Lo ha ricordato ieri il
Papa: Vorrei che ogni persona che passerà a visitare l'Expo,
attraversando quei meravigliosi padiglioni, possa percepire la
presenza dei volti di milioni di persone che oggi hanno fame. Un
pensiero non nuovo per Francesco. Lo aveva già manifestato invitando
i senza tetto di Roma a visitare la Cappella Sistina e offrendo loro
successivamente la cena. È una piccola carezza, aveva detto in
quella occasione.
Mi auguro allora che chi
si confronterà con le scoperte leonardesche qui accolte percepisca
che esse sono in favor homini. Ma ancor più, mi auguro, che le
esperienze artistiche si aprano alla dimensione caritativa così
intesa. Quella che nutre l'uomo intero.
Ci troviamo in una
location che di suo unisce l'arte ed il cibo. Incoraggio allora a
trovare, nei prossimi mesi, una data che proponga etica ed estetica.
Che replichi il gesto
papale facendo fare l'esperienza del bello anche ai più poveri.
Mostrando così, per
fermarci sul volto, l'immagine del Padre.

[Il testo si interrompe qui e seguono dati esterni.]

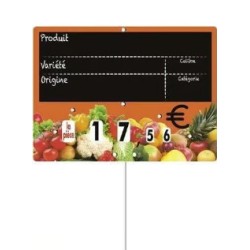 ETIQUETTE VITAMINE ORANGE VOC 150x100 mm - à roulettes, pique inox (l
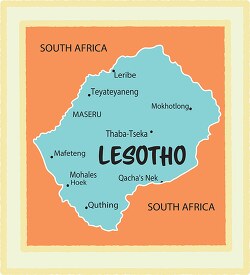 Lesotho country maps color border clipart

Quella che Francesco ha
voluto sin nel titolo della Bolla che indice l'Anno santo:
Misericordiae Vultus.
Perché tutti hanno
diritto a toccare il cielo almeno una volta. Anche se la forza di
gravità rema contro.
Concludo citando
Leonardo da Vinci, a motivo del quale siamo qui. Ecco le sue parole
al riguardo: Una volta aver provato l'ebrezza del volo, quando sarai
di nuovo coi piedi per terra, continuerai a guardare il cielo.